Polly and the Valley Boys (Dave Roylance and Bruce “Utah” Phillips) 2007
RA: Well, this was right in the heart of the McCarthy era, even though McCarthy had been censored in 1954, but Pete Seeger had just, in 1955 in August, been brought up before the House Committee on Un-American Activities, so it was still very much a part of the national political climate.
PS: Absolutely, and folk singers were suspect because he associated them with the left, and with good reason. I mean, you still don’t find too many right wing folk singers. You know, it’s a left activity. So he was after the folk singers and he developed this term “itinerant folk singers.”

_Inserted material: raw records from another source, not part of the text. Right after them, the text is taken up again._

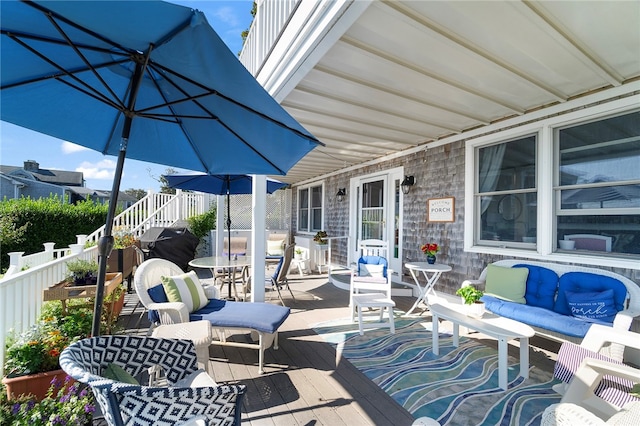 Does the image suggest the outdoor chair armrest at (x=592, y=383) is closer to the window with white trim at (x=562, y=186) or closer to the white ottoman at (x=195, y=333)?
the window with white trim at (x=562, y=186)

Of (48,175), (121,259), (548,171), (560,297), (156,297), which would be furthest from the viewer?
(48,175)

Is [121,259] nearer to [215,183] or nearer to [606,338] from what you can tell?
[215,183]

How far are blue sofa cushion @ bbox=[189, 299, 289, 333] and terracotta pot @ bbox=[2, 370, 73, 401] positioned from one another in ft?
3.32

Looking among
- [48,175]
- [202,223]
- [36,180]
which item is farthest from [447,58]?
[48,175]

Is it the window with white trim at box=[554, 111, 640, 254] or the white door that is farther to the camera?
the white door

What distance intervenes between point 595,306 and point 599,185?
4.34 ft

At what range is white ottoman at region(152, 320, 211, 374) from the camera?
227cm

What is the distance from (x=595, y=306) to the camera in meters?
2.87

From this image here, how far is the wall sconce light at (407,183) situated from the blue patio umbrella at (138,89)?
11.0 feet

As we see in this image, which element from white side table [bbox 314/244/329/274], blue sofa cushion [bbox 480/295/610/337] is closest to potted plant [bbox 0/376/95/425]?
blue sofa cushion [bbox 480/295/610/337]

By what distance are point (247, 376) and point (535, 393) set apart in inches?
94.6

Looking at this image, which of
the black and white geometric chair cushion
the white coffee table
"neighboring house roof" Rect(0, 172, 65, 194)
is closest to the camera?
the black and white geometric chair cushion

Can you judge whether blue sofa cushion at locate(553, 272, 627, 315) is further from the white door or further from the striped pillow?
the striped pillow

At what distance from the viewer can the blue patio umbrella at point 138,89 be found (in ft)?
4.20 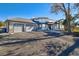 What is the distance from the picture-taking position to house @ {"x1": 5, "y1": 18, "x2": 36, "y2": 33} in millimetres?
4375

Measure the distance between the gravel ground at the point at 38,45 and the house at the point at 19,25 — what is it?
0.09 meters

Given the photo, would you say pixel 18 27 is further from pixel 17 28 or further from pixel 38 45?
pixel 38 45

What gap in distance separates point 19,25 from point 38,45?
1.57 feet

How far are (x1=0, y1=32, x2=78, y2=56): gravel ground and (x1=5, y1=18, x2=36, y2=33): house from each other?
0.09 meters

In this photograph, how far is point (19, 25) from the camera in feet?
14.5

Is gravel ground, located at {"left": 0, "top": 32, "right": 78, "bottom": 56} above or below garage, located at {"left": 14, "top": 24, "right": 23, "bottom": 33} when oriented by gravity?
below

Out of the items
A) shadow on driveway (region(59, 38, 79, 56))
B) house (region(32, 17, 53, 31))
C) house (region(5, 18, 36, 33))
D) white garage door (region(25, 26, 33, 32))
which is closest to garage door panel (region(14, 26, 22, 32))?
house (region(5, 18, 36, 33))

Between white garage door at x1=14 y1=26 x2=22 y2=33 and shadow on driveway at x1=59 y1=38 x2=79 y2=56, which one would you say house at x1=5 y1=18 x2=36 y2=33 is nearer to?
white garage door at x1=14 y1=26 x2=22 y2=33

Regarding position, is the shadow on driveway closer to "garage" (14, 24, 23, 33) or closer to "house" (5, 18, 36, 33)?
"house" (5, 18, 36, 33)

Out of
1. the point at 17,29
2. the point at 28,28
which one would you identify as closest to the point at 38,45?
the point at 28,28

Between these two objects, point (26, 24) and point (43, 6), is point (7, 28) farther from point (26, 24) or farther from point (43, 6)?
point (43, 6)

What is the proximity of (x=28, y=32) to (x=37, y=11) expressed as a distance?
40 centimetres

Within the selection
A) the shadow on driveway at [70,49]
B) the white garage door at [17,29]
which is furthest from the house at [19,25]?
the shadow on driveway at [70,49]

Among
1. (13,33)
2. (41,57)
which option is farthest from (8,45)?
(41,57) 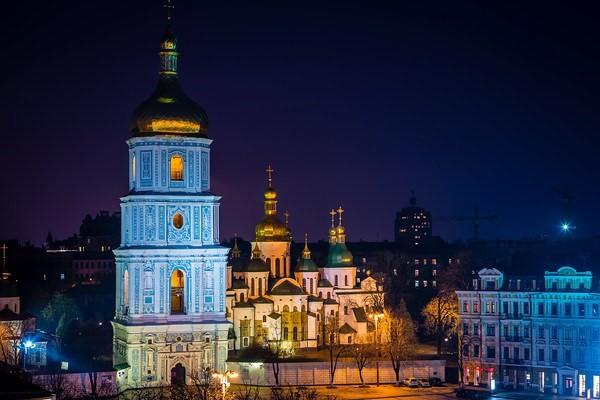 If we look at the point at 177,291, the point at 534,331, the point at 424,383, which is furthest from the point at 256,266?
the point at 534,331

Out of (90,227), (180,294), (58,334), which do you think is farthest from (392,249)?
(180,294)

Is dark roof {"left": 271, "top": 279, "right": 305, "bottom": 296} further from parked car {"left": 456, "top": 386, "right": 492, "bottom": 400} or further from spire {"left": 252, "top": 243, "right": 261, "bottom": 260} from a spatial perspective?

RA: Oh, he came up with that?
PS: Yeah. That’s why I put it in quotes because he wanted to find a way to sweep the streets clean of people who didn’t live here, who couldn’t prove they had an address here. And so if he saw people on the street with a guitar, especially if they were playing it, he could come – he would send his men in to interview this person and ask for other ID and proof of their residency, and if they couldn’t prove that they had a residence here, if they were itinerant, off they went. They would be encouraged to leave. And so he made life very unhappy for a lot of people who came through town. You may realize, Salt Lake City is at the crossroads of the major highways, east and west, and anybody that was coming from Seattle, San Francisco, Los Angeles—they all had to go through Salt Lake if they were going to go east. And so there was just a huge back and forth, and Salt Lake has always been, had a kind of below the radar counter culture of artistic people who just are a little bit out of the center, you know?
RA: Nobody hears about that on PBS. The counter-culture is never traced back to Salt Lake City.
PS: No, and this was before it was popular to be in a counter-culture. This was in the late fifties and these were guys who were really beatniks. And they were, as Rosalie says in her interview, they were gentle souls. They were not rabble-rousers. They were artists and poets and maybe they smoked a little dope, but they were not troublemakers. And their lives were made very difficult by Skousen.
RA: Did you happen to know any of these people or was Rosalie involved in this situation?
PS: Yes, Rosalie was famous for putting people up who were traveling. Somebody would say, “Get in touch with Rosalie.” And she would put them up. She would accept strangers into her home and into her backyard. And she loved to feed people. She loved to take care of them, and she always had somebody there. And so yes, she did know a lot of these people. And I was a little too young. See, I was only – in the late fifties, I was only 13 to 17 years old. And so I had a very fringe view of this. I was aware of the beatnik movement and all this kind of thing, but I was too young to participate in any of it–-like there was a famous coffeehouse/bar in downtown Salt Lake called the Abyss, which I never set foot in because I was too young, and I was fearful – I mean, I was a good girl. I never got a fake ID or anything.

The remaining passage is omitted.